┌─ Dataset section

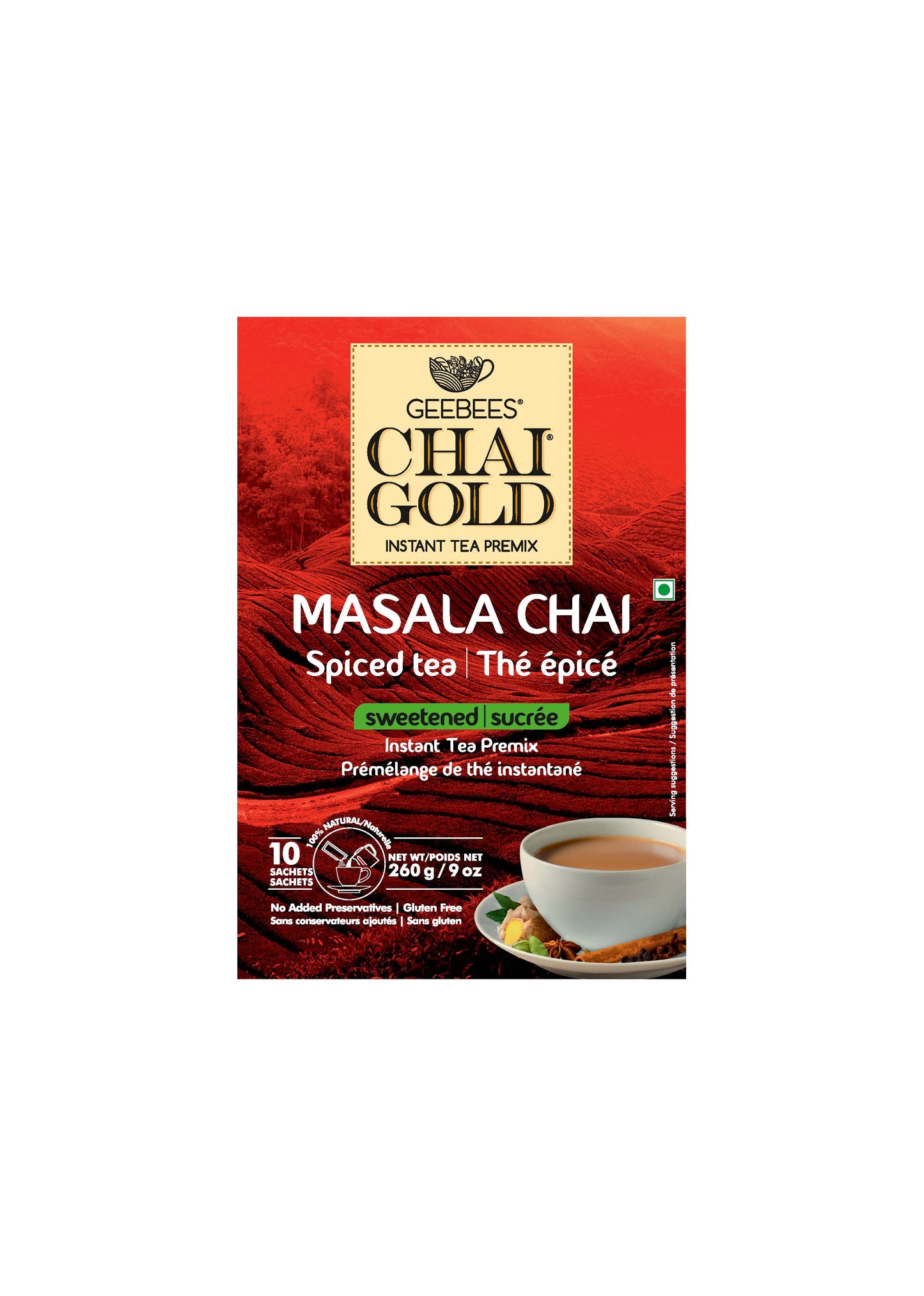 Chai Gold Masala Chai Sweetened Instant Tea Premix – 260g (Spiced Tea Sachets)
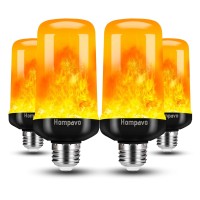 Hompavo ?Upgraded? Led Flame Light Bulbs, 4 Modes Flickering Light Bulbs With Upside Down Effect, E26/E27 Flame Bulb For Halloween, Christmas, Party, Indoor And Outdoor Home Decoration (4 Pack)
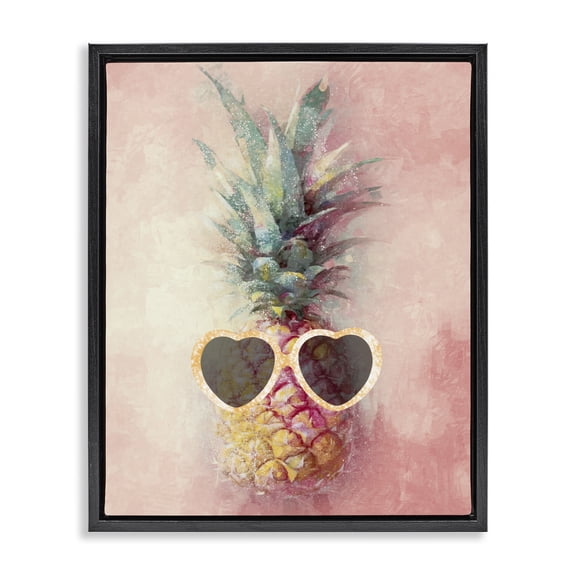 Stupell Industries Tropical Glam Pineapple & Sunglasses Black Floating Frame Canvas Art, 17 x 21, by Ziwei Li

└─

Copy the final stretch of lines, starting at the one that holds "Hompavo ?Upgraded? Led" and ending at the last line of the data, exactly; omit pictures.

 Hompavo ?Upgraded? Led Flame Light Bulbs, 4 Modes Flickering Light Bulbs With Upside Down Effect, E26/E27 Flame Bulb For Halloween, Christmas, Party, Indoor And Outdoor Home Decoration (4 Pack)
 Stupell Industries Tropical Glam Pineapple & Sunglasses Black Floating Frame Canvas Art, 17 x 21, by Ziwei Li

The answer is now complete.